- [DATASET RECORDS]
* * *

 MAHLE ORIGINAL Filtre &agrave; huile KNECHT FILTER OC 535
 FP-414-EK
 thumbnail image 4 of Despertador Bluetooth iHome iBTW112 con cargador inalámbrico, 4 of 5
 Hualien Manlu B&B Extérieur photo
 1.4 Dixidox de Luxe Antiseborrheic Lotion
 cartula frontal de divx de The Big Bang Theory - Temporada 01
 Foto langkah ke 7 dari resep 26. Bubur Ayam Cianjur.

* * *

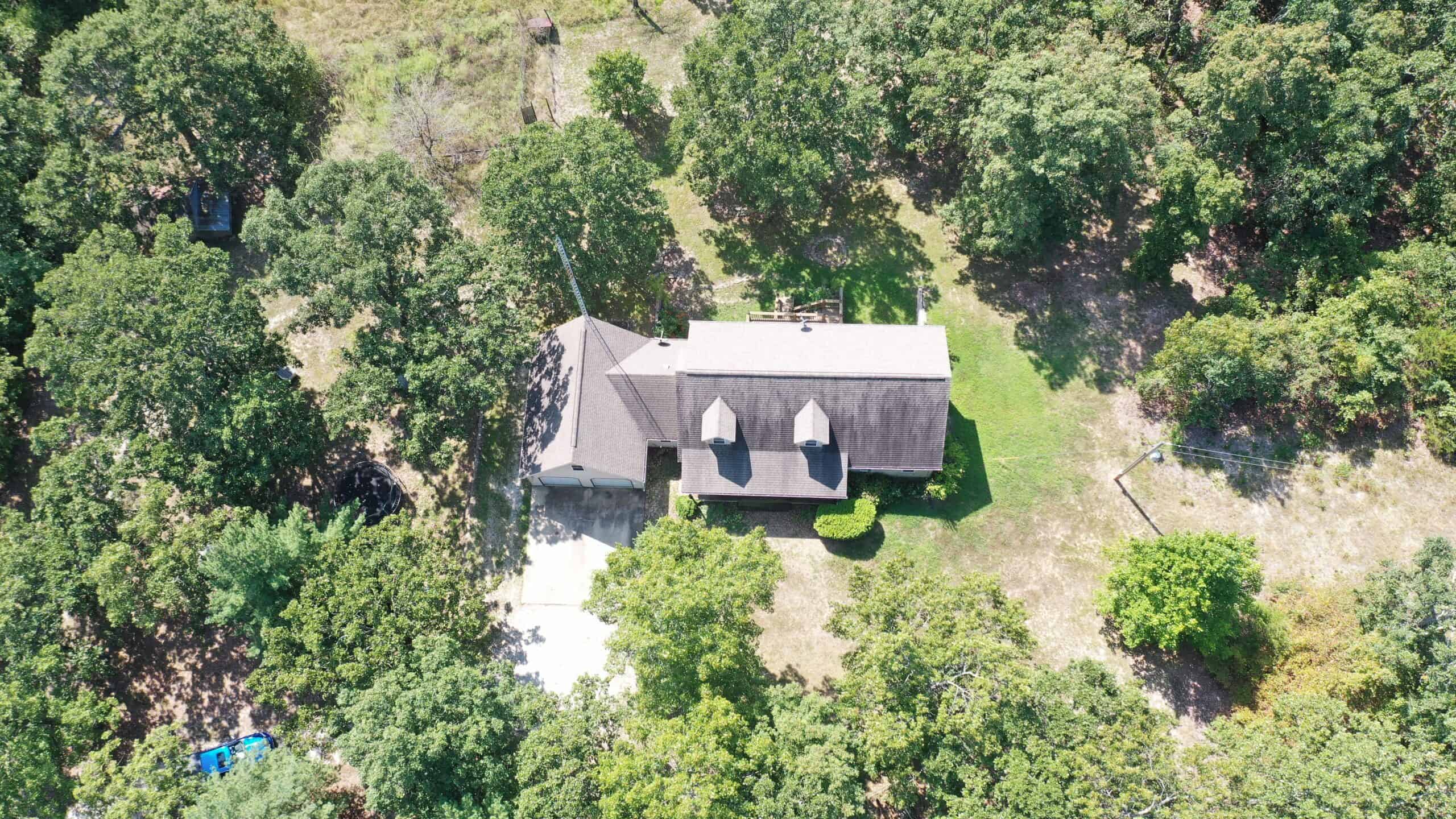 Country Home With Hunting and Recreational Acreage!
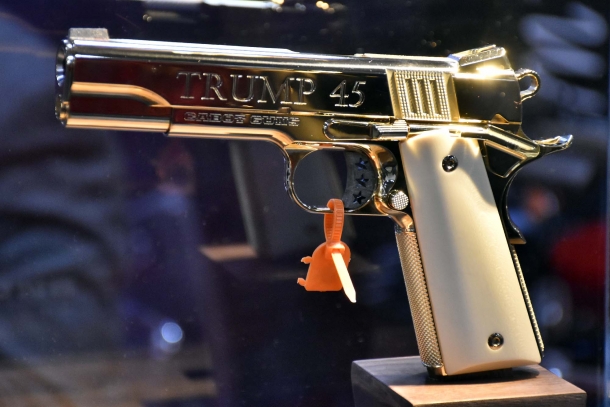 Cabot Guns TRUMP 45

* * *

- [WORK ORDER]
Reproduce only the lines above, starting at the line with "cartula frontal de" and ending at the line with "Foto langkah ke", exactly as written.

- [WRITTEN REPLY]
 cartula frontal de divx de The Big Bang Theory - Temporada 01
 Foto langkah ke 7 dari resep 26. Bubur Ayam Cianjur.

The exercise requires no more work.